The station carried general entertainment over the decades, but by the late 1950s, WCFL evolved into a popular music station, which had banned all Elvis Presley records from its playlist in late November 1957.[29] The pre-Top 40 talent lineup included Dan Sorkin[30] [31] in the morning, Mike Rapchak following him and Sid McCoy's all-night jazz program. It was Sorkin who introduced a young Chicago comedian, Bob Newhart, to Warner Bros. in 1959.[32] Bob Elson did both White Sox games and interviewed celebrities at The Pump Room; his sports cohort, Milo Hamilton, also wore two hats, talking football and playing music. Rapchak, who quit on the air in 1965 due to WCFL's new format, returned there in 1978, once again playing big band and jazz music.[33] [34]
Between 1963 and 1965, WLS was the only Top 40 station in Chicago. This situation was unusual, as most major cities had two or even three stations featuring pop music. Consequently, WLS had become somewhat complacent as it had no real competitors. This all changed in 1965, when WCFL became a Top 40 music station, competing with WLS. The station also moved from the American Furniture Mart where it had been since 1931,[13] [35] to the then new Marina City,[36] where it remained for the next 20 years.[37] While the station itself was on the 16th floor of the Commercial Building (today the Hotel Chicago Downtown),[38] WCFL also had a "VIP Room" on the fifth floor where the "WCFL VIPs" (DJs) hosted various events such as record parties and autograph sessions for listeners who were members of the WCFL VIP Club.[39] [40] One of the station's first promotions was the "Bold" campaign-describing itself as a bold, new way of presenting today's music and its listeners (who wore "I'm Bold!" buttons) as bold enough to want a change.
General Manager Ken Draper[41] ran the station from 1965 to 1968 and brought many of the original staffers with him from the big Cleveland station KYW/WKYC he had run before.[11] [42] [43] These included not only DJs but also chief engineer Mike King[44] (later, Jim Loupas),[45] and members of the crack newsroom team, which included the unstoppable Jeff Kamen.[46] WCFL gained fame in 1966 when Kamen followed Chicago Civil Rights leader and comedy star Dick Gregory to Mississippi and was beaten by KKK members while reporting on a voter registration protest. The network TV film of the attack was seen by millions, with a still picture appearing on newspapers' front pages. Prior to Draper's establishment of an eight-person news department, news was gathered by taking the copy from the station's news wires and reading it on the air.

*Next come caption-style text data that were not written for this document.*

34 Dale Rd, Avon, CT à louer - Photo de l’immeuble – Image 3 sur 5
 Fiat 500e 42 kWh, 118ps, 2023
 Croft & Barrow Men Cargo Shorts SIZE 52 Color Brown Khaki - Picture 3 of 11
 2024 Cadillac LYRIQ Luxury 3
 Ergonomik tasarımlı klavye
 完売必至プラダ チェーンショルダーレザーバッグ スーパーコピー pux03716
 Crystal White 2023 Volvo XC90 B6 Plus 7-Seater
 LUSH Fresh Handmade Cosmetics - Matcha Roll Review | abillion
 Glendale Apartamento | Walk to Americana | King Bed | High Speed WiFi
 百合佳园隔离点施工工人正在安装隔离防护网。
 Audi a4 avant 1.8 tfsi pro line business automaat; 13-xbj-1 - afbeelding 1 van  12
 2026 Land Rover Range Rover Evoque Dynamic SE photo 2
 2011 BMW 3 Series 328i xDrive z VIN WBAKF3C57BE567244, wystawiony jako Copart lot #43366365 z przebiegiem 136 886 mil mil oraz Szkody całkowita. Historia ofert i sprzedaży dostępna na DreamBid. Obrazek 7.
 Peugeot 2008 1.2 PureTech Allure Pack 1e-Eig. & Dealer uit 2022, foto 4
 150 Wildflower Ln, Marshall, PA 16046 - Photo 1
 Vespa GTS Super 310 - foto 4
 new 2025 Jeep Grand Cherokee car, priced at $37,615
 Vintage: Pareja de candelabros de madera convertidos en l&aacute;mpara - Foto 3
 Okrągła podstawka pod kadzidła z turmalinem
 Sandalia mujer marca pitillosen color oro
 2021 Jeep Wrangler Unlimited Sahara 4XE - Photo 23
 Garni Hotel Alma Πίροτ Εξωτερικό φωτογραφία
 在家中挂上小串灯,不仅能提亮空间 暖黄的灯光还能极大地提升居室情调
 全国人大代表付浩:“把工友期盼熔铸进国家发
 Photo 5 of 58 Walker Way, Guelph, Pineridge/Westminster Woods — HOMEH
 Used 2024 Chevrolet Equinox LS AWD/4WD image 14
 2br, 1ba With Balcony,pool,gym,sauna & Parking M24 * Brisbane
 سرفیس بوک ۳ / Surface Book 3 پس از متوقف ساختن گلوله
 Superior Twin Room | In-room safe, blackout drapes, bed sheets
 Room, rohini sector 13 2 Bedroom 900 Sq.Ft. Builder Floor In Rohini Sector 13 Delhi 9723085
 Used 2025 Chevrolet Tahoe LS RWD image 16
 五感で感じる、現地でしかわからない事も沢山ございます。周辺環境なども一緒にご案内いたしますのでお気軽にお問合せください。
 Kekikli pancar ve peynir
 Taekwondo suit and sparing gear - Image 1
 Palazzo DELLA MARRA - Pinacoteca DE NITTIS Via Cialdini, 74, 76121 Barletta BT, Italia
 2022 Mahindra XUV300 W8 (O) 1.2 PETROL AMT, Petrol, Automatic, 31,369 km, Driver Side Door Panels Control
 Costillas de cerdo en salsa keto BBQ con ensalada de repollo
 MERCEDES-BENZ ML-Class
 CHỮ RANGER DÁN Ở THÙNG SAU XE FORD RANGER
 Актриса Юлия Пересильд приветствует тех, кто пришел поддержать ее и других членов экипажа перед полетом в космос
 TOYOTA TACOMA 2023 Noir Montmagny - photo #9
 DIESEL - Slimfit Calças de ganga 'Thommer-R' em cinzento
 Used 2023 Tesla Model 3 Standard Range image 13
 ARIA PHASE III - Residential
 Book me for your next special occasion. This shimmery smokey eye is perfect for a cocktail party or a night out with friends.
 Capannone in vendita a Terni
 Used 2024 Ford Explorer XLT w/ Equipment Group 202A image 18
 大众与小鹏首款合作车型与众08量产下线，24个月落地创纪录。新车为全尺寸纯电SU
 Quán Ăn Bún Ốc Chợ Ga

In their Top 40 years, some famous disc jockeys on WCFL included Jim Runyon, Joel Sebastian,[47] Dick Williamson, (who was already with WCFL at the time of the format change), Jim Stagg,[48] [49] Ron Britain,[50] [51] ("America's First Psychedelic Disk Johnny"), who did a second stint at the station in 1978, the legendary Dick Biondi,[52] [53] [54] whose Mutual Radio syndicated Dick Biondi's Young America show was heard here 3 years before his actual arrival,[55] [56] Barney Pip,[57] Ron Riley,[58] and Sid McCoy and Yvonne Daniels with late night jazz[59] during the earliest days of the change to Top 40.[60] In late 1966, WKYC popular afternoon DJ Jerry Ghan (now Jerry G. Bishop) also decided to follow Draper to WCFL for morning drive.[61] [62] Later, WIND's former long-time morning man Howard Miller,[63] who was a decided departure from the youthful staff, came to helm WCFL's 6-9AM spot in 1968.[64] He was replaced before long by Clark Weber, long-time WLS morning man.[65] The DJ secretary during this era was Connie Szerszen, who went on to forge her own career on the air in Chicago radio, appearing on WIND and other stations. WCFL general manager Ken Draper also hired Carole Simpson as one of radio's first female newscasters; Carole went on to a big career with ABC-TV. Also on staff at that time was continuity director Barbara Sternig, who left for Los Angeles once the Beatles broke up, became Rona Barrett's writer, and later Senior Reporter in Hollywood for the National Enquirer.[66] [67] Draper is also credited with the introduction of the Sound 10/WCFL survey, which became a competitor to the WLS "Silver Dollar Survey" that station issued weekly beginning in 1960.[68] From 1966 to 1970, the station produced six "branded" record albums.[69] [70] Later in the "SuperCFL" era, Larry Lujack[71] [72] and Art Roberts[73] [74] [75] came to WCFL.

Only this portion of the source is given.